Balancing legal rights and commercial sensitivity when enforcing contracts in the COVID-19 era
Speaker, Negotiator and Contracting Expert, Tiffany Kemp from Devant discusses the challenges of managing contracts during COVID-19
How many times in a normal week would you refer to a contract?
If you’re in a business management, sales or operational role, I’d expect that to be a very small number. It might even be zero, on the basis that “you only take the contract out of the drawer if things have gone badly wrong!”
Since the beginning of lockdown, many business professionals have found themselves crawling over contracts far more often than they’d like.
They’ve been worrying about issues that have arisen because of COVID-19:
• How to get out of contracts for services the business can no longer afford
• Problems meeting commitments because staff, materials or other resources are not available
• Customers cancelling or postponing events, orders and contracts
When faced with these challenges, it’s important to have a clear understanding of what your legal rights and obligations are.
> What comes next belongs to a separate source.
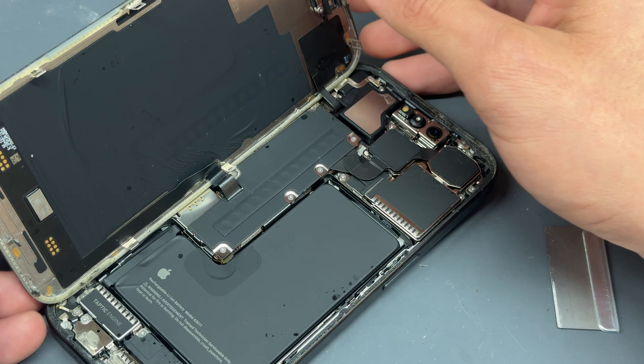Now that you've got it open, we remove all the screws holding down this shield here, and that gives us access to the rest of the phone. But now that you've got it open, that's my video done — thank you for watching and see you in the next video.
The contract is a great starting point for this, but you might also need to look at your email correspondence, published documents and legislation.
How do you know what you’re entitled to?
Remember that a contract is just an agreement that is enforceable through the courts – effectively, it’s the arrangement made by you and your customer or supplier, setting out how you’ll work together. If it’s not clear, or is poorly written, it could be difficult to identify your rights or obligations with any certainty. This means there’s a good chance that the other party to the contract may have a different view to yours. Deciding which of you is correct can be a drawn out and painful exercise.
Ultimately, the only way to be absolutely sure what rights or liabilities you have (if you and your counter-party can’t agree) is to go to court. This is time consuming, expensive, uncertain and disruptive, so it’s not surprising many businesses will go to great lengths to negotiate a settlement rather than litigating their dispute. So how hard should you push, to enforce what you believe you’re entitled to?
Should a contract be ‘fair’? And do we have to act ‘fairly’ in enforcing it?
Historically, English law was based on freedom of contract – the principle that contracting parties of equal bargaining power could agree pretty much anything, even if it represented a bad bargain for one of them. It was also expected that the courts would enforce the agreement as drafted, rather than attempting to make it ‘fair’.
Many European legal systems incorporate the concept of ‘good faith’, under which each party is expected to deal honestly and fairly, and not to deliberately act so as to disadvantage the other. English law doesn’t share this expectation. Under English law, you’re perfectly entitled to act entirely in your own self-interest, even if it significantly disadvantages the other party.
This suggests that you should push as hard as you possibly can to enforce whatever rights you might have under a contract, to get the best outcome for your organisation regardless of the consequences for the other party.
Recent guidelines published by the UK Government (Guidance on responsible contractual behaviour in the performance and enforcement of contracts impacted by the Covid-19 emergency) suggest that the current pandemic has moved the goalposts in contract enforcement.
The new Government guidance (which isn’t legally binding) suggests that companies should demonstrate ‘responsible and fair behaviour in contractual arrangements’. In particular, it suggests this should apply to the way we deal with problems in contractual performance and making claims, where issues have been caused by COVID-19.
How can we use the Guidance to help us negotiate an agreed way forward?
Non-binding Government guidance can be a double-edged sword. On the one hand, if your contractual position isn’t especially strong, and you are seeking some help and support from the other contracting party, it could be useful to point them at the Guidance. Asking them to be ‘responsible and fair’ in their dealings with you could encourage them to overlook the fact that they’re entitled to terminate your contract because of your late payment, and agree to a revised payment plan, or a payment holiday, instead.
On the other hand, if you’re well within your legal rights to terminate a contract that no longer works for you, but your termination will cause significant harm to the other party (potentially leading to their business failure), you may feel under pressure NOT to act in your own self-interest, but to take their needs into account too.
So in this C-19 era, you might want to consider looking at the broader picture, rather than just your contract, in deciding which rights and obligations you’re going to enforce. Think about acting with a little more humanity, a little more ‘good faith’, and less self-interest. Because even though the Government Guidance is non-binding, the reaction of several retired judges suggests that it may influence the outcomes of commercial cases over the coming months. Companies that have shown ‘responsible and fair behaviour’ may well find that the courts give them the benefit of the doubt over their more hard-nosed counterparties. Perhaps the tide is turning, and being one of the ‘good guys’ will finally pay off.